**Task details**.
Would you restate, word for word, only the lines starting at the one with "红双喜无烟多功能电烤盘机械式插电锅底盘加热电烧烤炉涮烤一体锅" and ending with the final line of the entries below? Pictures stay out.

##############################

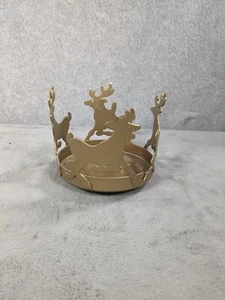 Vintage Brass Colored Pillar Candle Holder with 4 Reindeer Circled Together - Picture 1 of 5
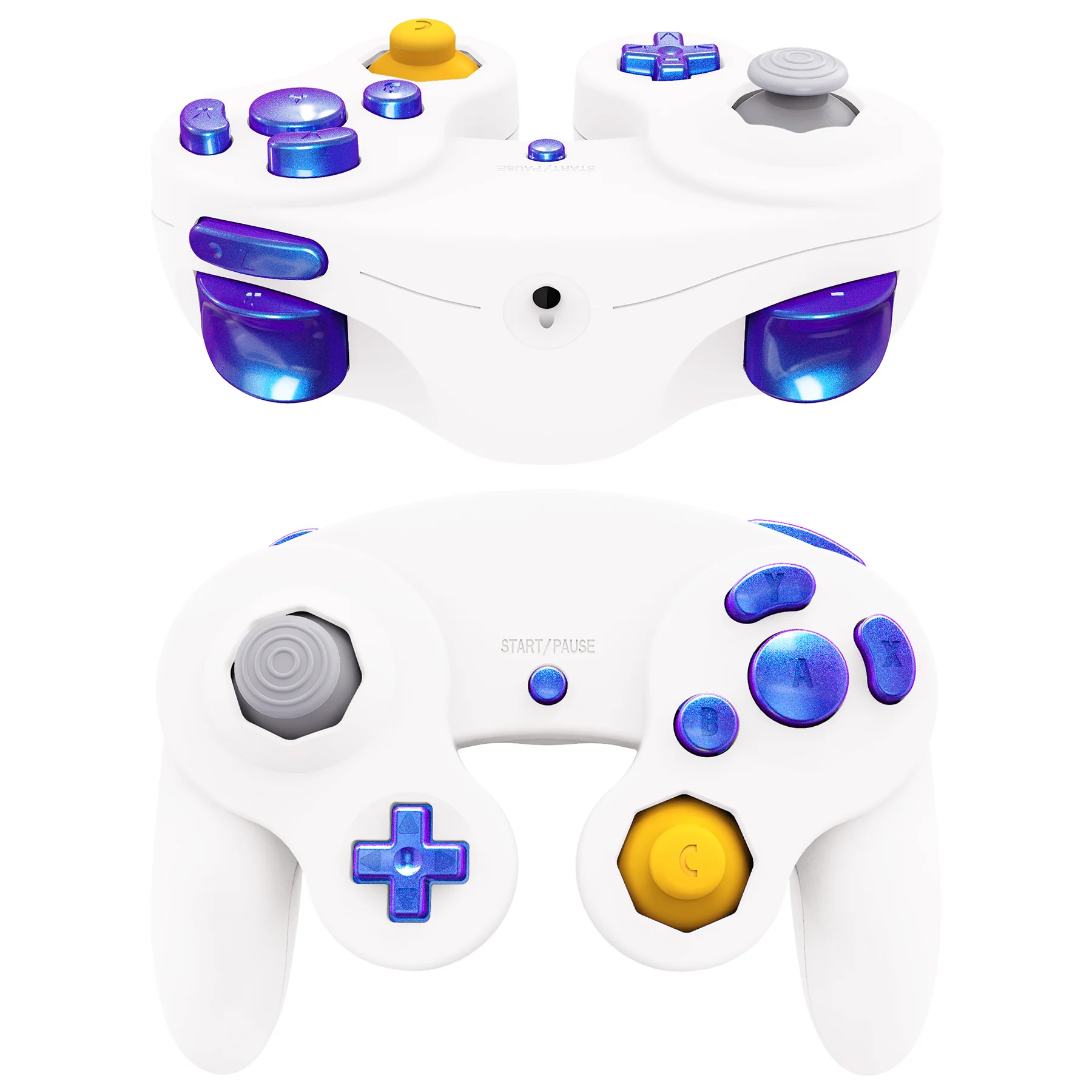 eXtremeRate DIY Replacement Full Set Buttons & Thumbsticks for Nintendo GameCube Controller NGC - Chameleon Purple Blue - Image 3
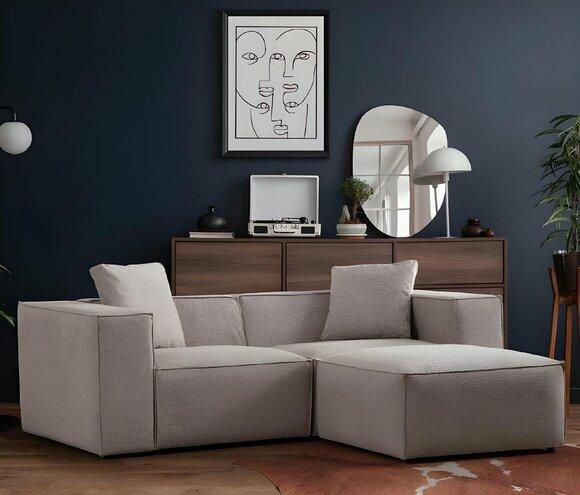 Living room set 2-piece 3-seater with stool modern design grey plain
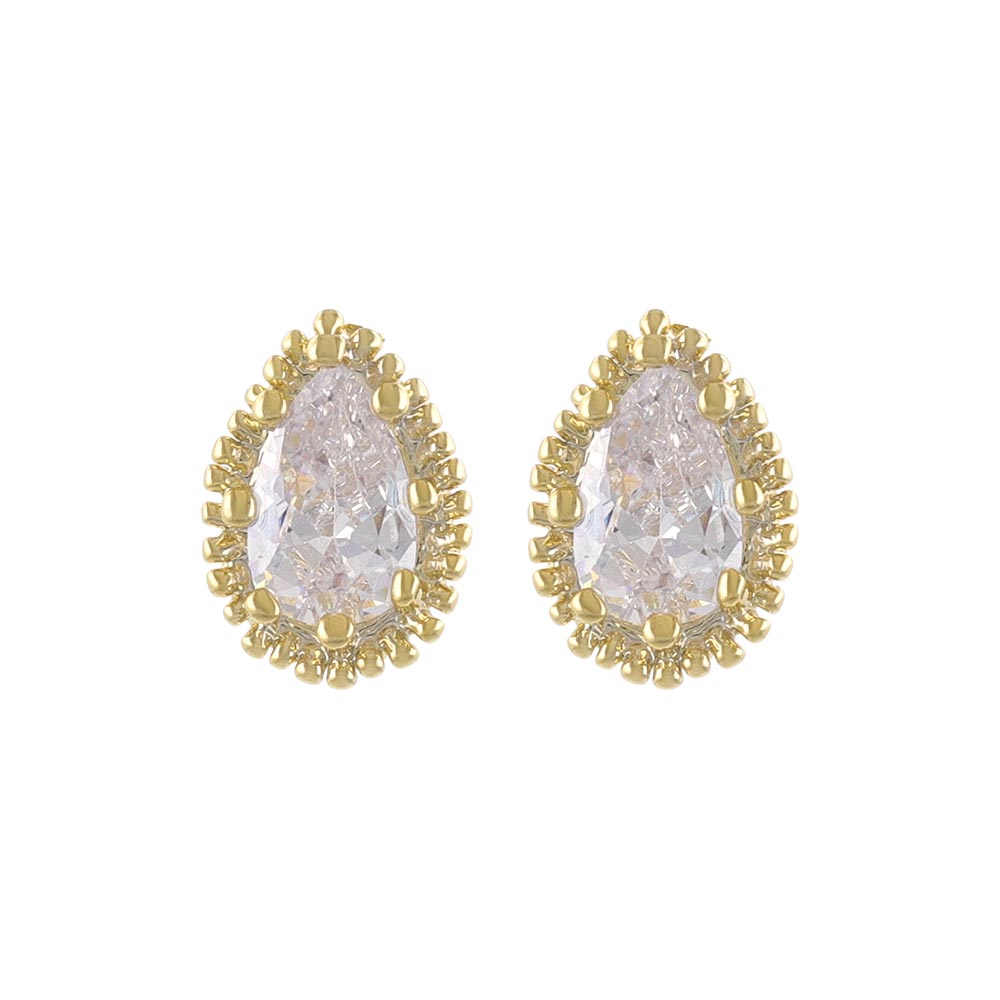 CZ Textured Bezel Pear Studs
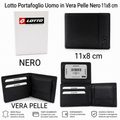 Lotto Portafoglio Uomo in Vera Pelle Nero 11x8 cm
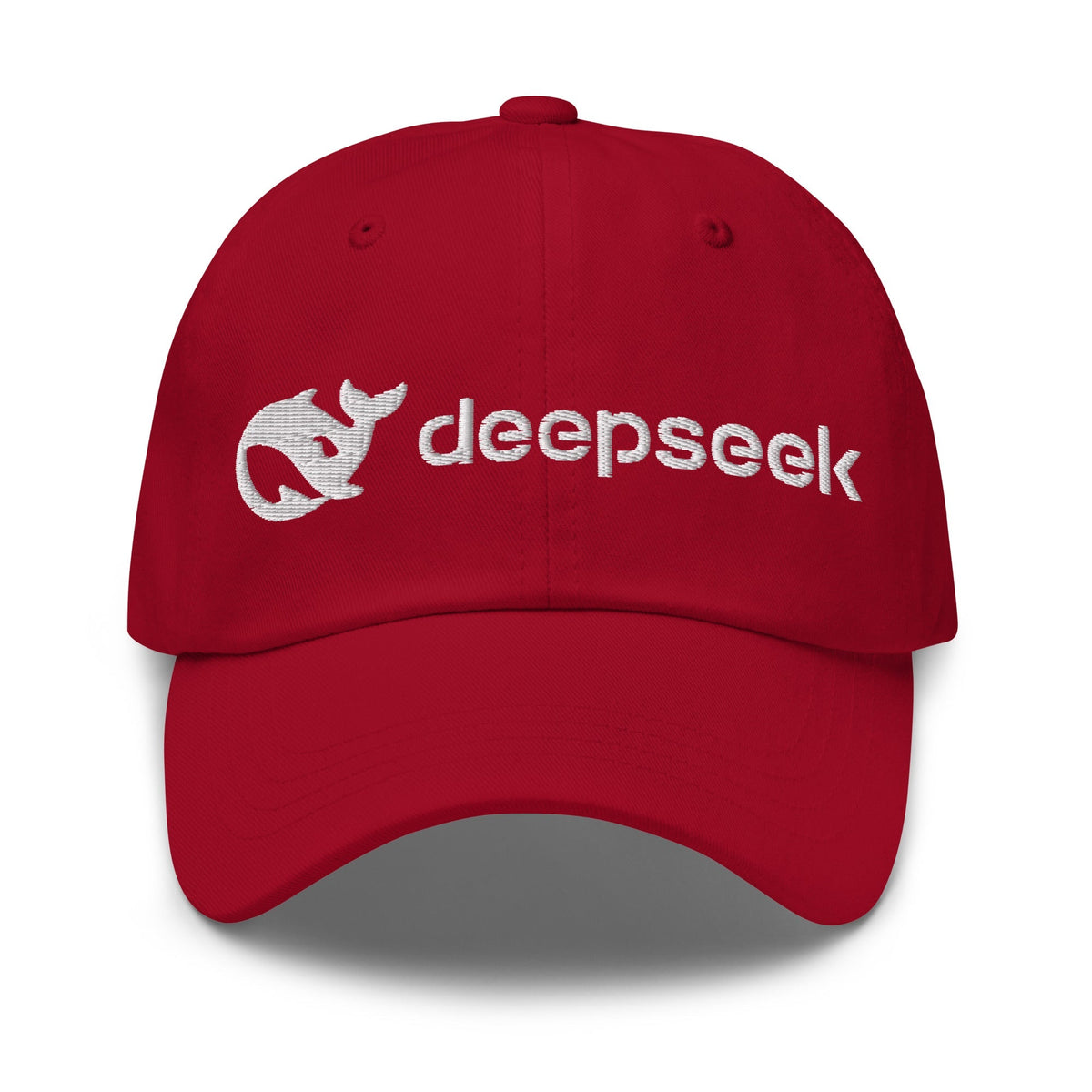 Image of the DeepSeek White Logo Cap Cranberry.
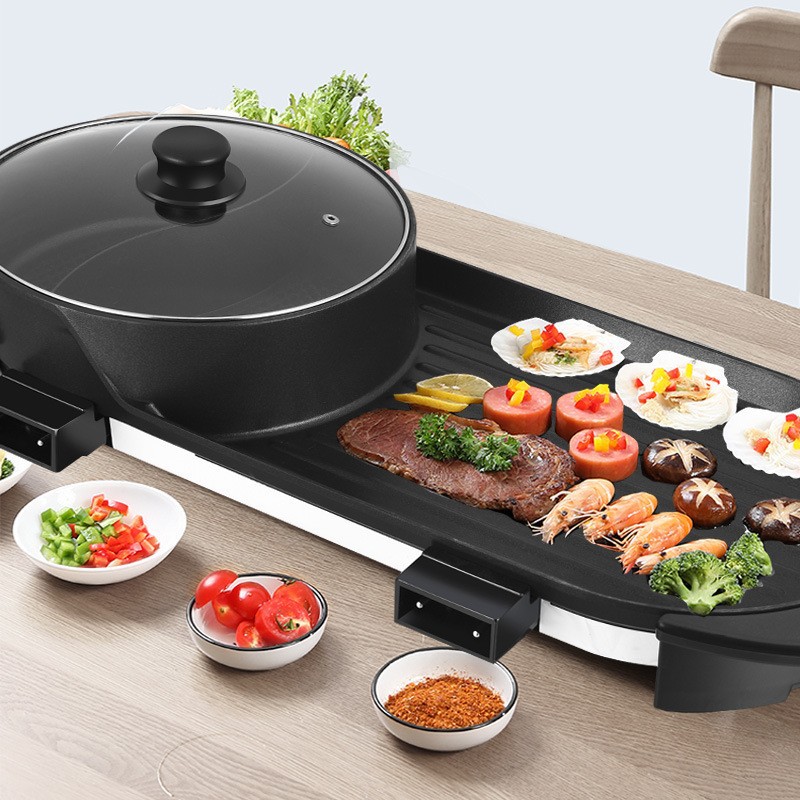 红双喜无烟多功能电烤盘机械式插电锅底盘加热电烧烤炉涮烤一体锅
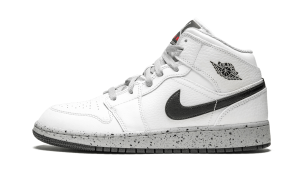 Air Jordan 1 Retro Mid’White Cement’ GS White/Cement Grey-Black (554725-115)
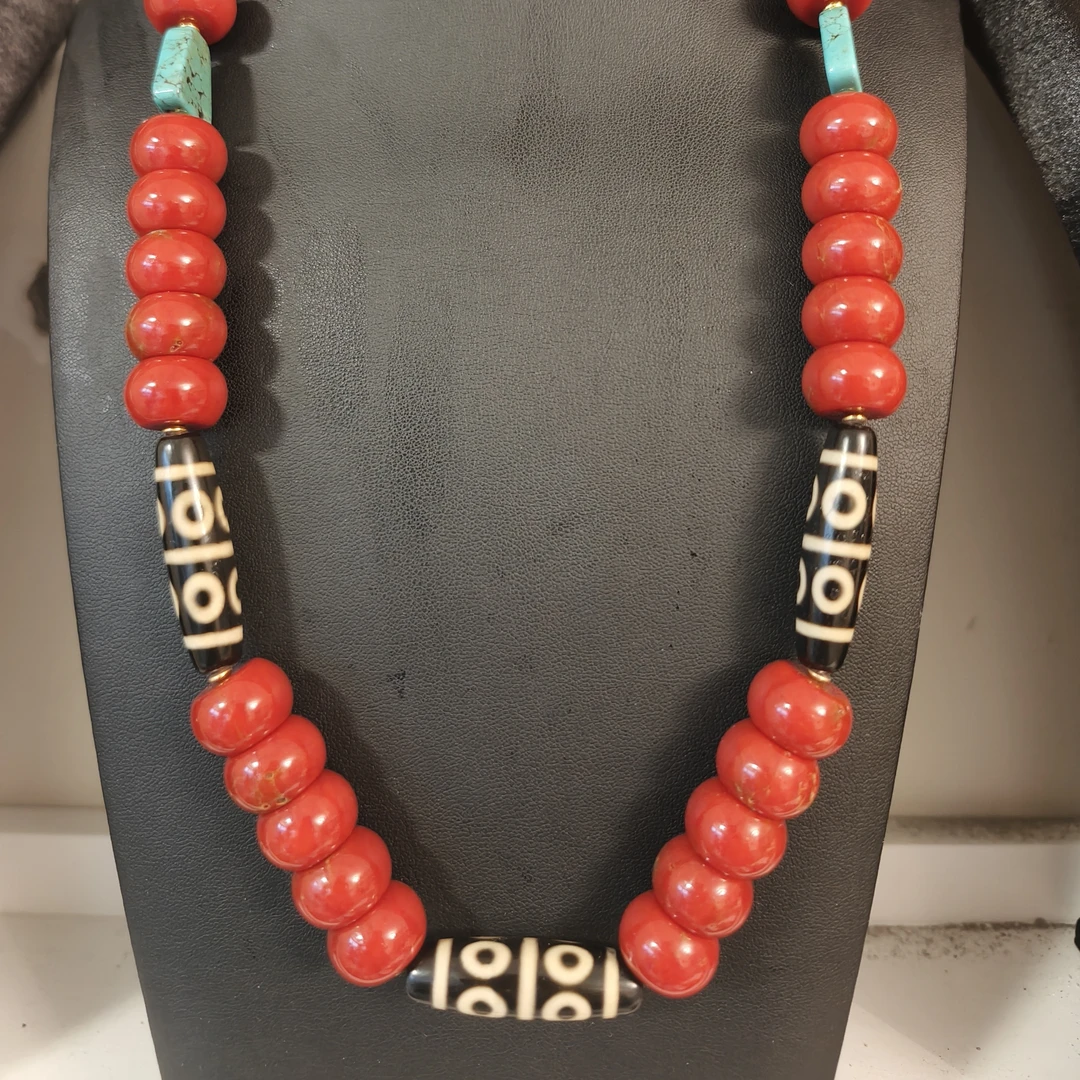 铜合金大理石项链 藏式民族风项链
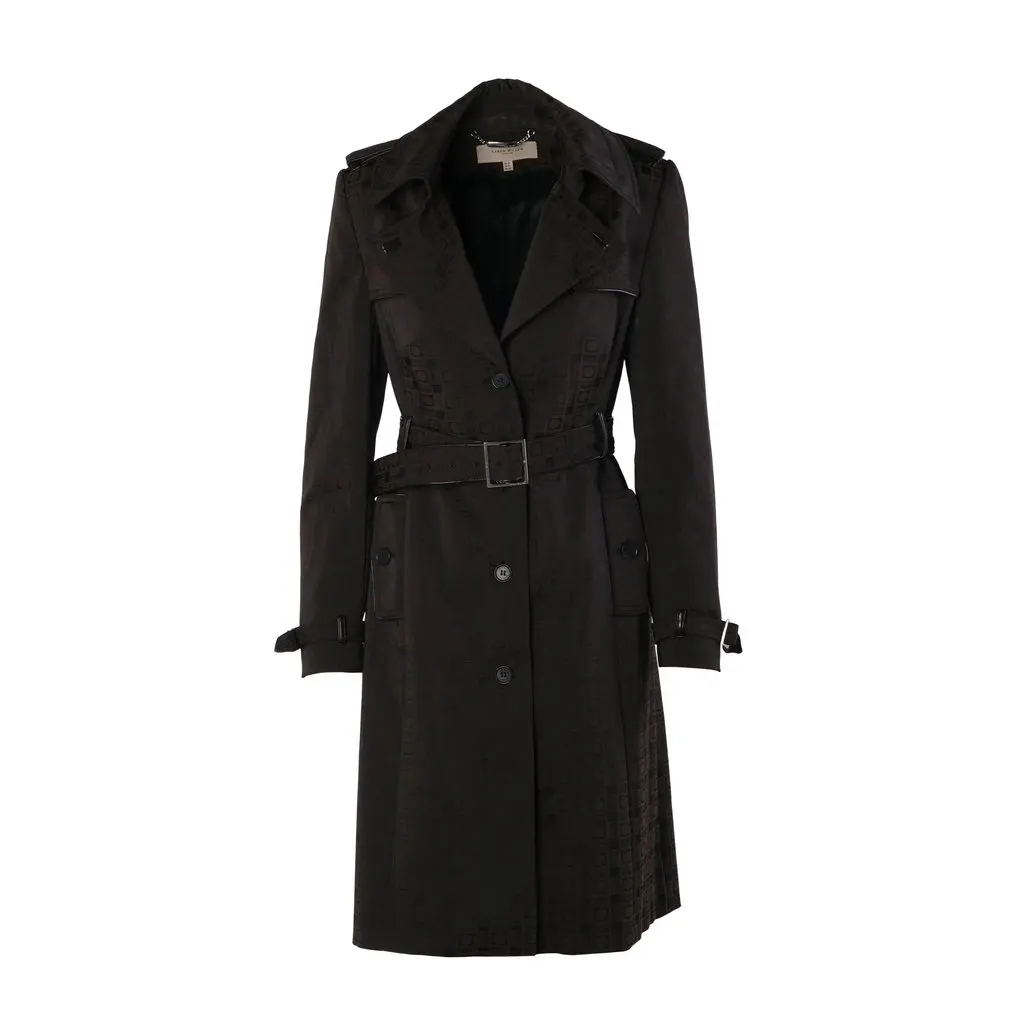 Unsigned Karen Millen Brown Monogram Jacquard Belted Trench Coat - '00s Brown Canvas Good - Front View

##############################

**Exercise response**.
 红双喜无烟多功能电烤盘机械式插电锅底盘加热电烧烤炉涮烤一体锅
 Air Jordan 1 Retro Mid’White Cement’ GS White/Cement Grey-Black (554725-115)
 铜合金大理石项链 藏式民族风项链
 Unsigned Karen Millen Brown Monogram Jacquard Belted Trench Coat - '00s Brown Canvas Good - Front View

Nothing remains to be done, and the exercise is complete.